Adding a human touch to video algorithms
Overall, keyword-based tools are subject to two core issues. Firstly, terms are too broad and ever-multiplying; often running into lengthy blocklists that restrict advertising reach and don’t allow for the diverse sensitivities of different brands. Secondly, content analysis depends exclusively on keyword present assessment and algorithms, meaning vital subtleties are overlooked. Clearly, the common denominator here is the limited scope and that means the best answer to both of these problems lies with better accommodation of variability.
Video is multi-dimensional, as are individual brand views of suitable media. So, rather than binary analysis and exclusion lists, what’s needed is greater input from the one machine capable of deeply comprehending and adapting to nuance: the human brain.
Adding an additional layer of manual, human review gives smart tech the ability to pinpoint true video context and enable secure, inclusive ad targeting. Using training data generated by human suitability definitions and content evaluation, algorithms can learn how to spot small signals that uncover the meaning and sentiment of videos, instead of leaning solely on text. This knowledge can then be applied to drive large-scale analysis across platforms and direct spending towards content that offers the ideal adjacency for specific brands.
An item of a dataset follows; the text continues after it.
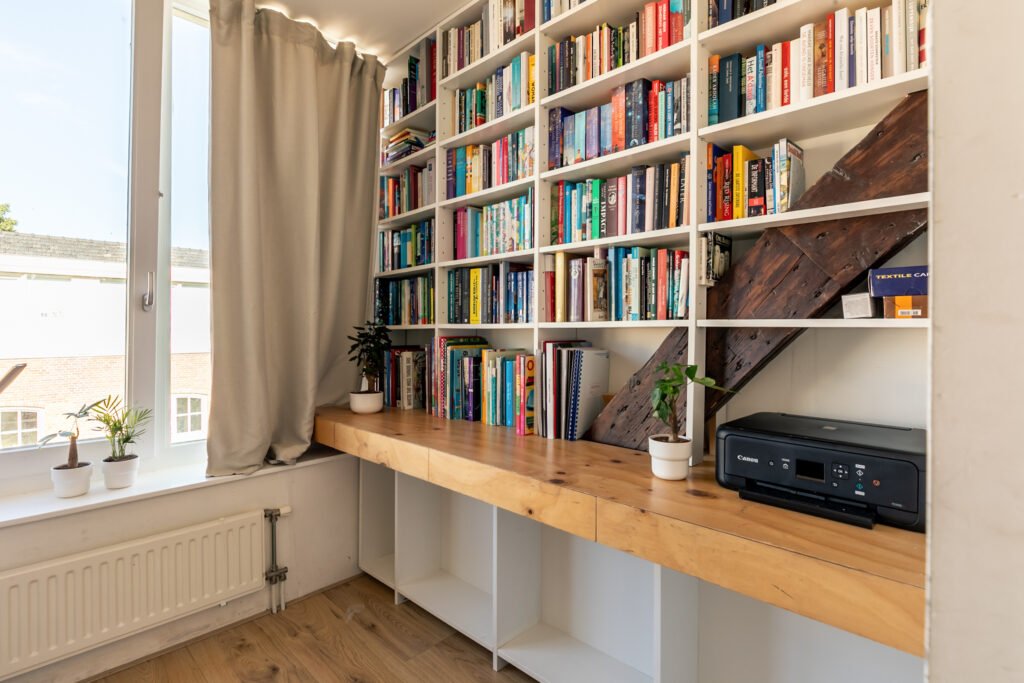 Cozy home library with books and printer.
Working towards a more suitable future
Of course, driving an industry-wide transition to versatile video analysis will require more than simply increased human involvement on the vendor side. Advertisers and brands will also need to play their part by setting preferences for their teams to judge success, including refined parameters about what is a suitable and acceptable risk. Fortunately, huge global initiatives are emerging to help them drive a more objective view of brand suitability.
Joint efforts between the American Association of Advertising Agencies (4A’S) and the Global Alliance of Responsible Media (GARM) have produced one set of unified suitability definitions for the industry to follow. Featuring 11 categories — such as terrorism, debated sensitive social issues, or arms and ammunition — the new standard marks a significant milestone in tackling issues with video perception subjectivity and improving transparency for brand advertisers, especially for those running campaigns in black box environments.
Brands now have a shared baseline that can be used to roll out universal categorization of content suitability in line with low, medium and high thresholds, and their own bespoke restrictions. For example, this could see advertisers aiming for low-risk content in the ‘Adult and Explicit Sexual Content’ category serving ads beside sexual education videos, while those operating on higher-risk categories might select a wider range of placements in the context of movie scenes or music videos.
The framework is a massive step in the right direction and provides the foundation for enhancing common understanding across the ecosystem, as well as giving brands the means to ensure ad spend is invested in appropriate and ethical content.
As the industry shifts from brand safety to brand suitability, it requires a new mindset and new tools to solve for video. Already losing its value for general display, mass blocking certainly isn’t the smart choice for scaled video platforms. Simultaneously optimising safety and reach will mean moving away from basic keyword methods and embracing a more human approach. By switching to analysis led by human cognition alongside machine learning, brands can create comprehensive tech stacks that not only reduce risk, but also unlock opportunities to tap into suitable and powerful video content.